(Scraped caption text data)
■ ■ ■ ■ ■

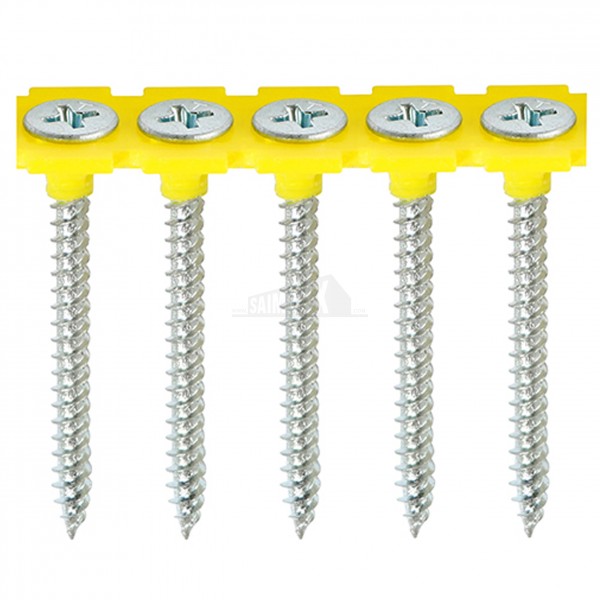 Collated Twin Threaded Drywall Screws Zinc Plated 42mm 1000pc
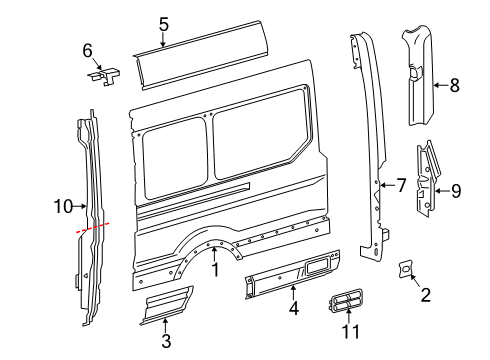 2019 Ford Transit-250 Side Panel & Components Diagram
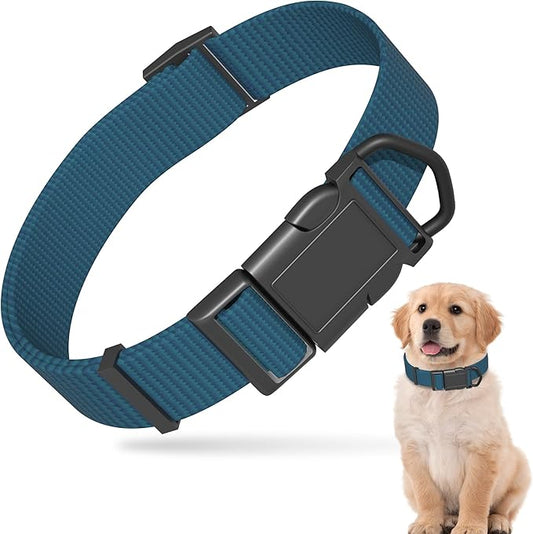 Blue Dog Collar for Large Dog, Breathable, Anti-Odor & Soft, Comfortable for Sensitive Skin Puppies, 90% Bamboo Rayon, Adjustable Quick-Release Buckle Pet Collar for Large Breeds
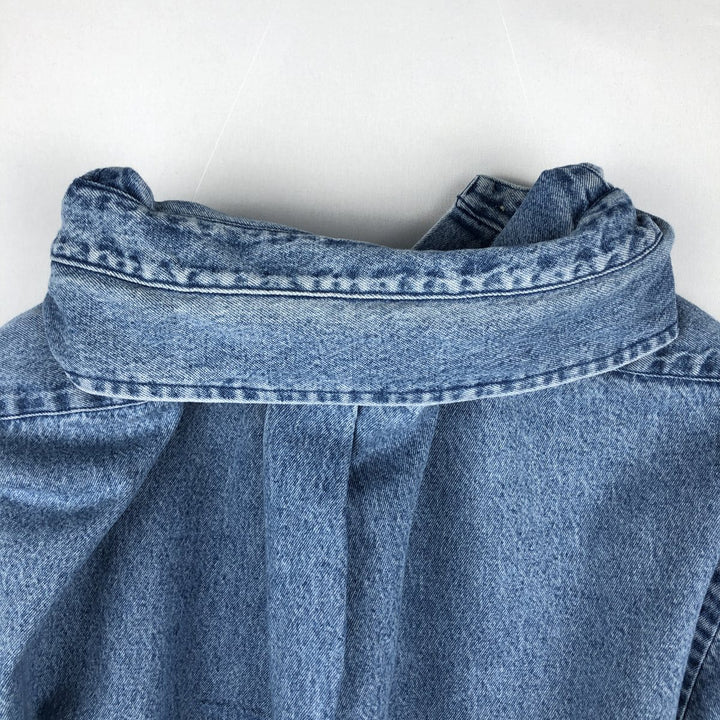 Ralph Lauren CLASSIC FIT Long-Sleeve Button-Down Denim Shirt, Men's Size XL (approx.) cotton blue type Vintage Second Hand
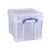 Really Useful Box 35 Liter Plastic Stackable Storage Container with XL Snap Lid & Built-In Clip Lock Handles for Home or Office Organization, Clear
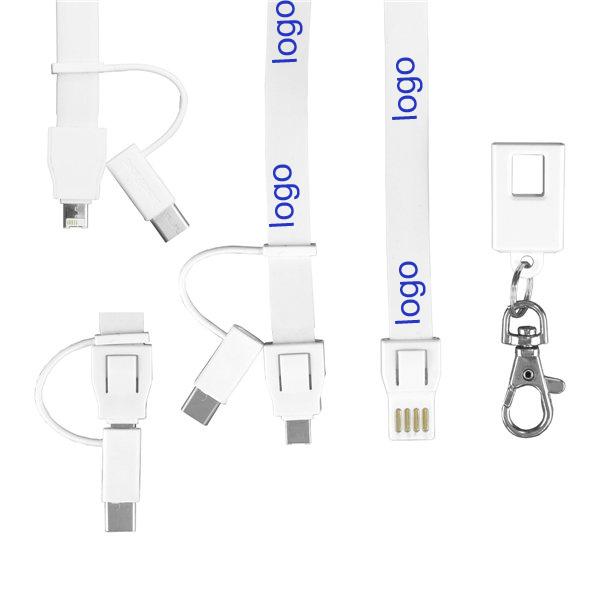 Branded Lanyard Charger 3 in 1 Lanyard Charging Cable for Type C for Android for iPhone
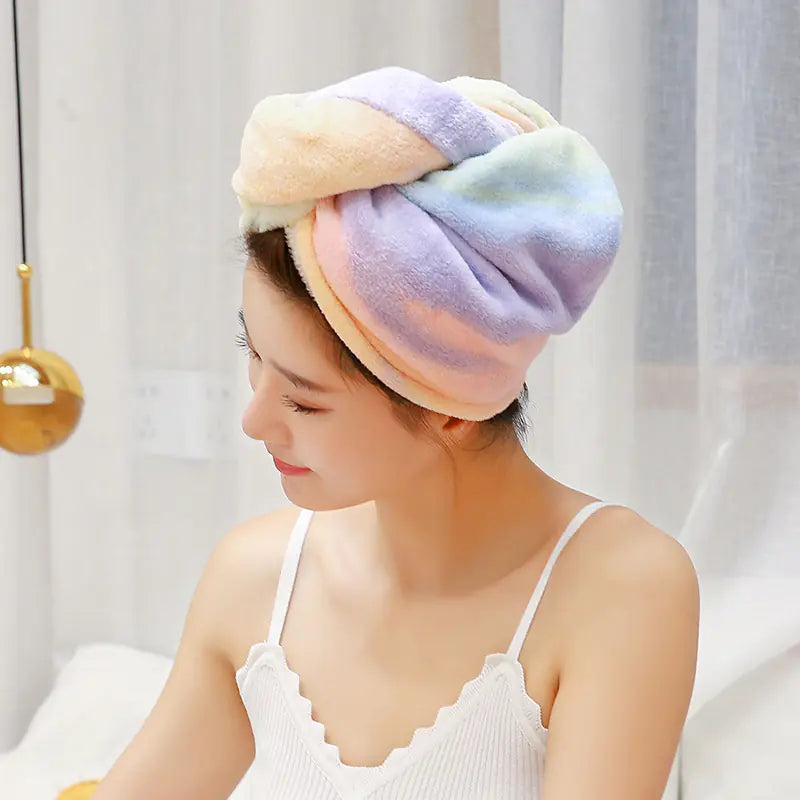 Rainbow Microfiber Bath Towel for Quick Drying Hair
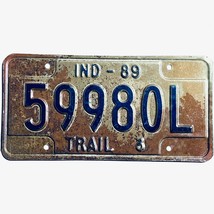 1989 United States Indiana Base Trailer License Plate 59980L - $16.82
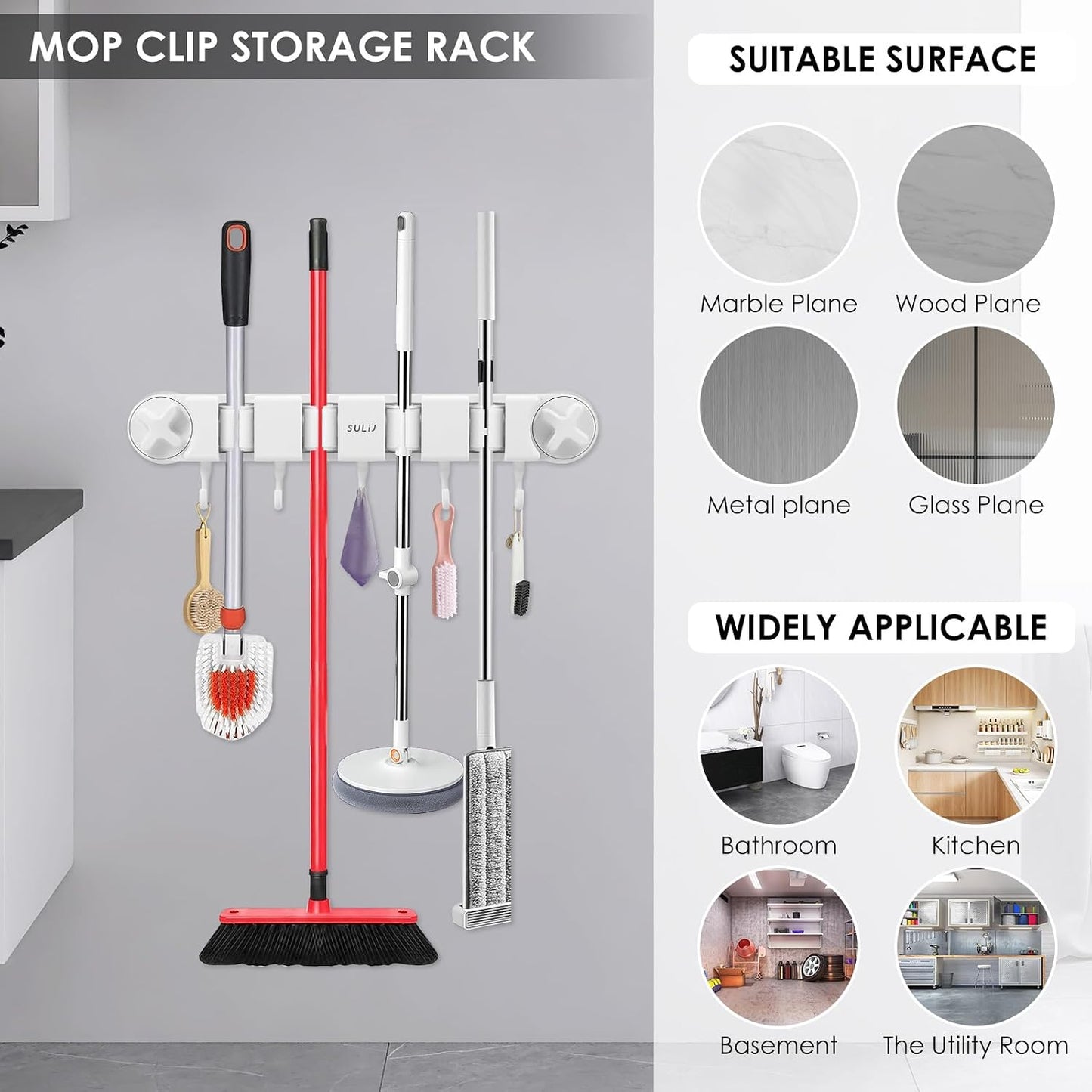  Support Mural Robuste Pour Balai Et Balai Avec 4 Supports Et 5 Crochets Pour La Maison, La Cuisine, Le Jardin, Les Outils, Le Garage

■ ■ ■ ■ ■

— PROBLEM —
Pictures stay out of this copy; write out the entries above exactly.

— WORKED SOLUTION —
 Collated Twin Threaded Drywall Screws Zinc Plated 42mm 1000pc
 2019 Ford Transit-250 Side Panel & Components Diagram
 Blue Dog Collar for Large Dog, Breathable, Anti-Odor & Soft, Comfortable for Sensitive Skin Puppies, 90% Bamboo Rayon, Adjustable Quick-Release Buckle Pet Collar for Large Breeds
 Ralph Lauren CLASSIC FIT Long-Sleeve Button-Down Denim Shirt, Men's Size XL (approx.) cotton blue type Vintage Second Hand
 Really Useful Box 35 Liter Plastic Stackable Storage Container with XL Snap Lid & Built-In Clip Lock Handles for Home or Office Organization, Clear
 Branded Lanyard Charger 3 in 1 Lanyard Charging Cable for Type C for Android for iPhone
 Rainbow Microfiber Bath Towel for Quick Drying Hair
 1989 United States Indiana Base Trailer License Plate 59980L - $16.82
  Support Mural Robuste Pour Balai Et Balai Avec 4 Supports Et 5 Crochets Pour La Maison, La Cuisine, Le Jardin, Les Outils, Le Garage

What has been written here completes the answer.